Ron Dellums was born in West Oakland on November 24, 1935, one day before my mother was in another part of the country. That came to my attention as a young intern, because I read my copy of the Congressional Directory as thoroughly as I did the sports agate pages in those days, when my eyes were better. My mother, Bert Adler Prosterman, was also involved in politics at the time, eventually becoming president of the Memphis School Board. After noticing the birthdays, I often looked for parallels and comparisons.

West Oakland of the 40’s and 50’s might be characterized as the “Harlem of the West” – an enclave of Renaissance, nurturing and progressive development. Dellums was a product of that magical environment.

While we honor Ron Dellums, this is not a campaign for sainthood. His tenure as Mayor of Oakland (2007-11) was mixed, and he alienated a lot of people during that time. Having never elicited a reply from a series of letters and phone calls throughout his tenure, I count myself among them; but have been told by people close to him that my experience was a result of the misplaced gate-keeping tendencies of his third wife. Though Dellums alienated some long-time supporters, he used his Congressional connections to benefit and enrich the city, expand the Port of Oakland and beef up the police department. He was also a calming force in the riotous aftermath of the murder of Oscar Grant by a BART (Bay Area Rapid Transit) police officer in 2009.

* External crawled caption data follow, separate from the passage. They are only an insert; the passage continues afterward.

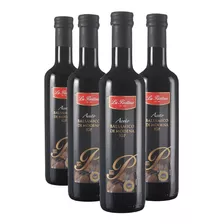 Kit 4 Aceto Balsâmico De Modena La Pastina 500ml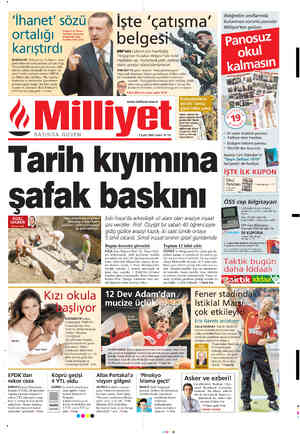  İlköğretim sınıflarında bulunması zorunlu panolar Milliyet'ten geliyor 'İhanet' sözü C9 İşte 'çatışma' ortalığı belaeğik Te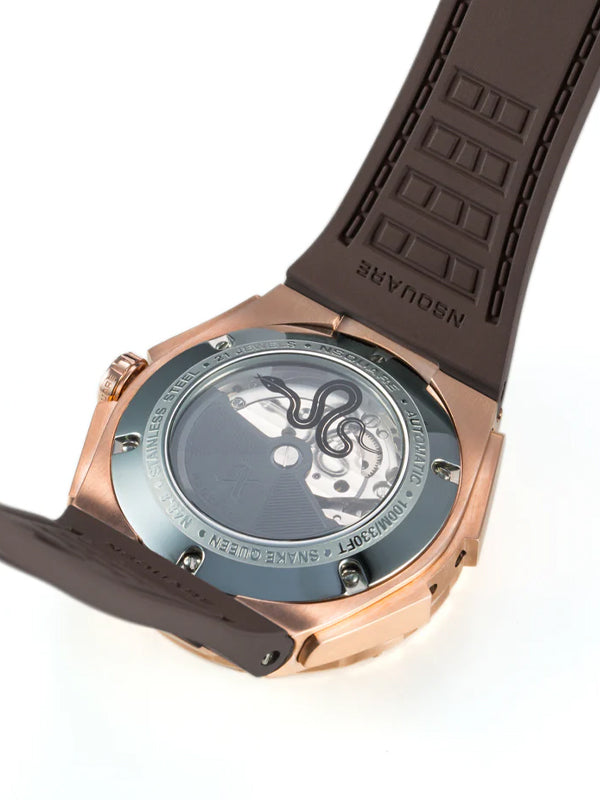 NSquare SnakeQueen Automatic Watch N48.8 Chocolate 5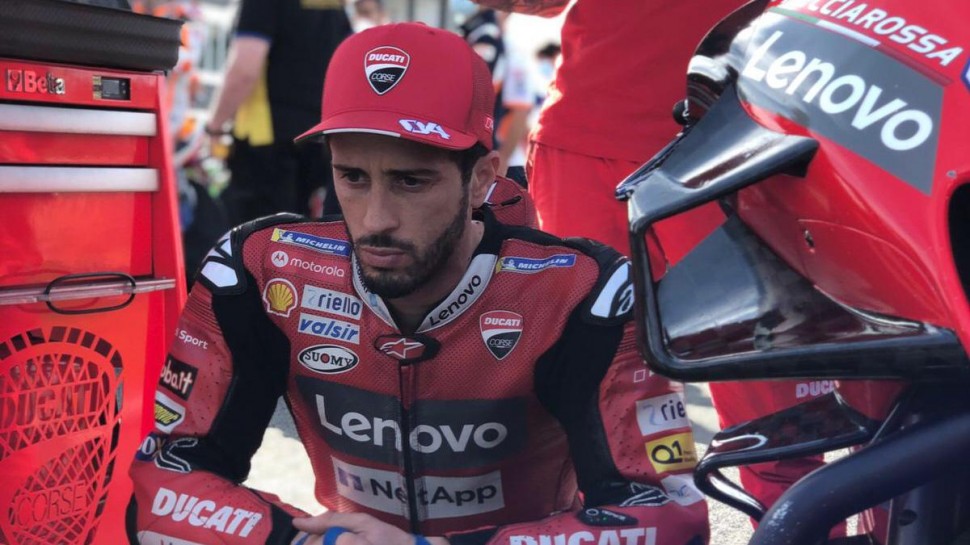 На плечи Довициозо внезапно взваливается большая гора ответственности: он еще может принести Ducati Кубок...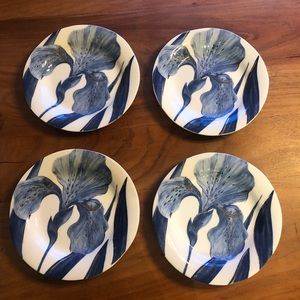 Set of 8 plates - Anthropologie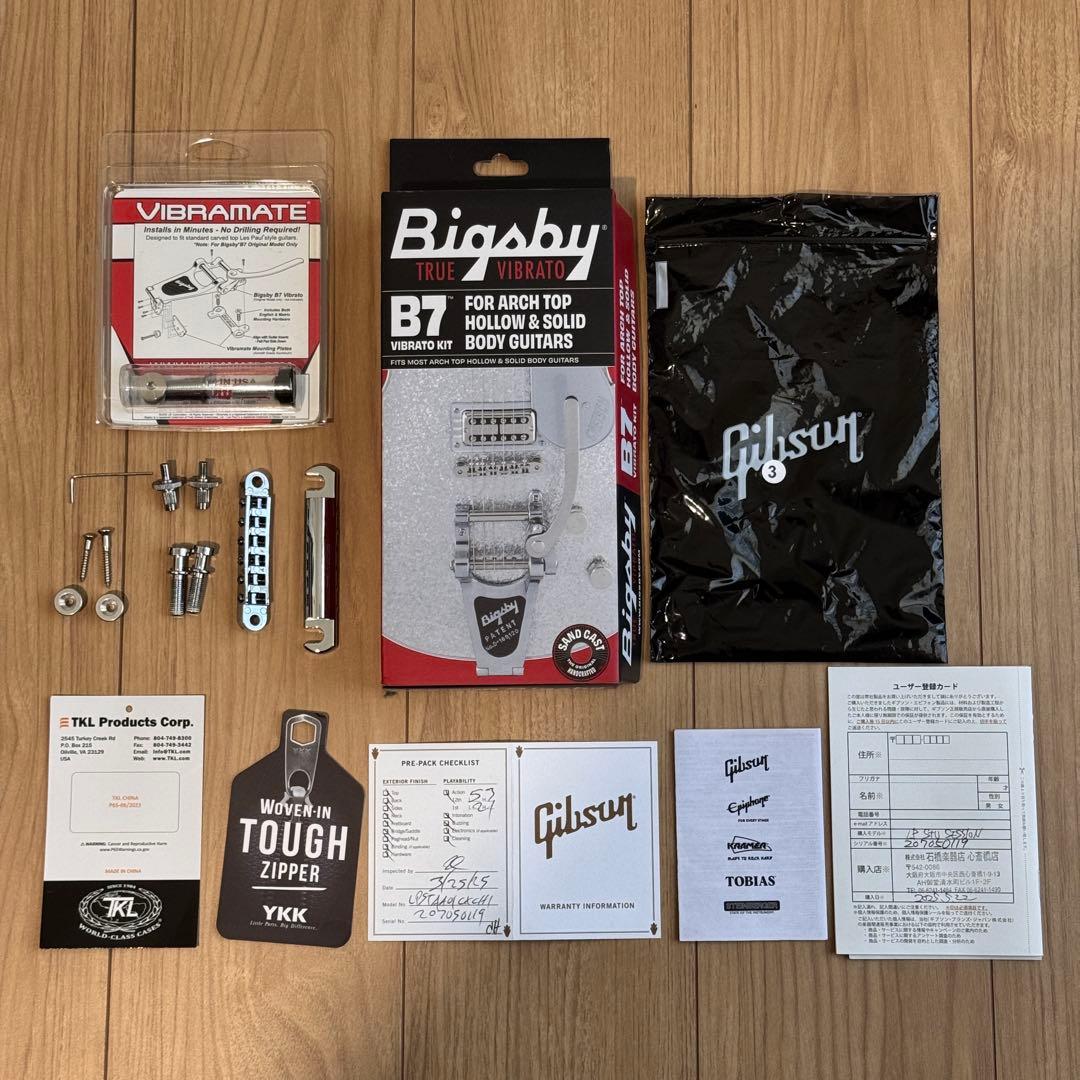 Gibson Les Paul SS Bigsby&ローラーブリッジMOD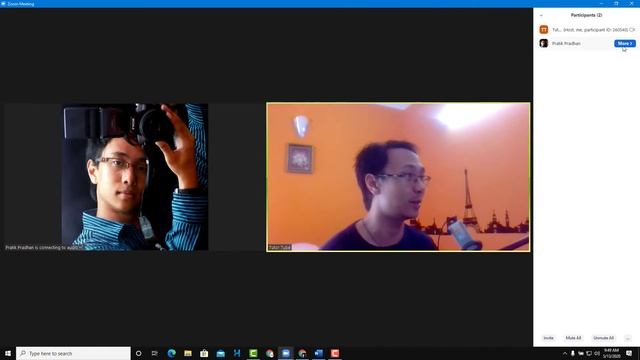 Zoom Tutorial - Lesson 7 - In Meeting Interface and Options as Host смотреть онлайн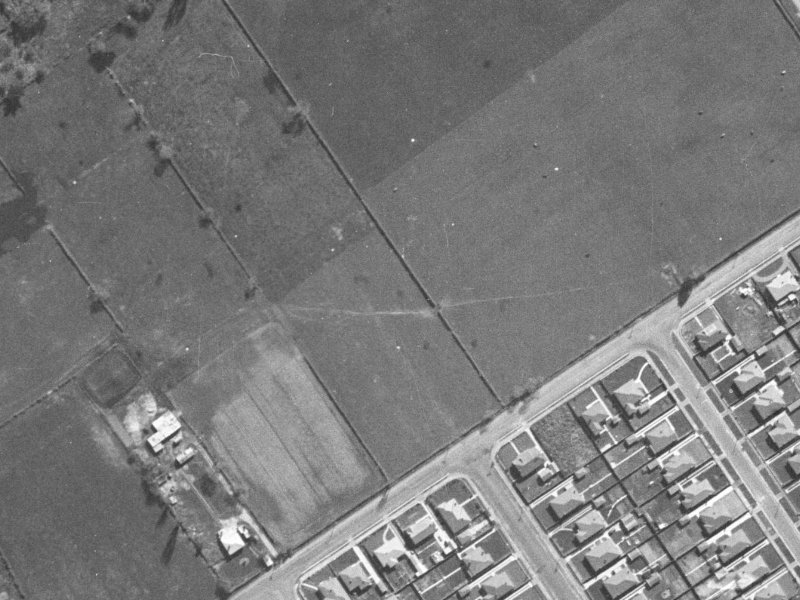 256 Cranford Street from the air, 1940-1944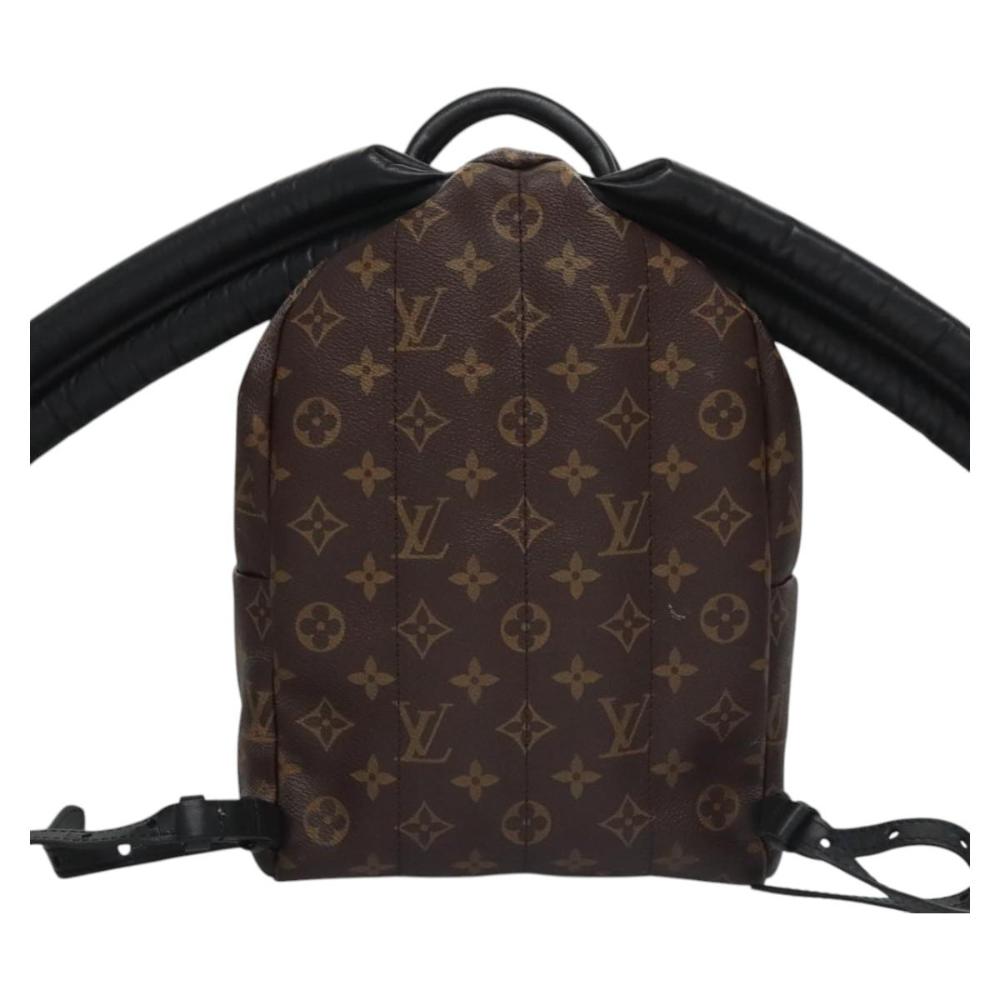 Brown Canvas Louis Vuitton Palm Springs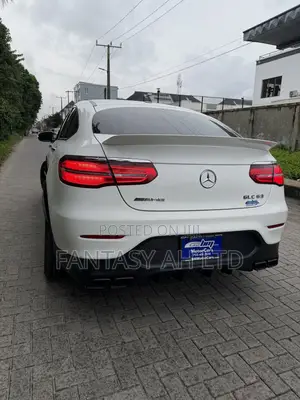 Mercedes-Benz GLC-Class 2018 White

In Congress, he also voted against every American military campaign except the intervention in Somalia in 1992. Perhaps Ron Dellums’ lasting legacy is his passionate advocacy for education, health care, job training, and affordable housing. When I was 18, Ron Dellums inspired me to want to be like him. Now, his legacy is inspiration to return American government to a state of sanity and effectiveness that reflects the ideals he represented so well.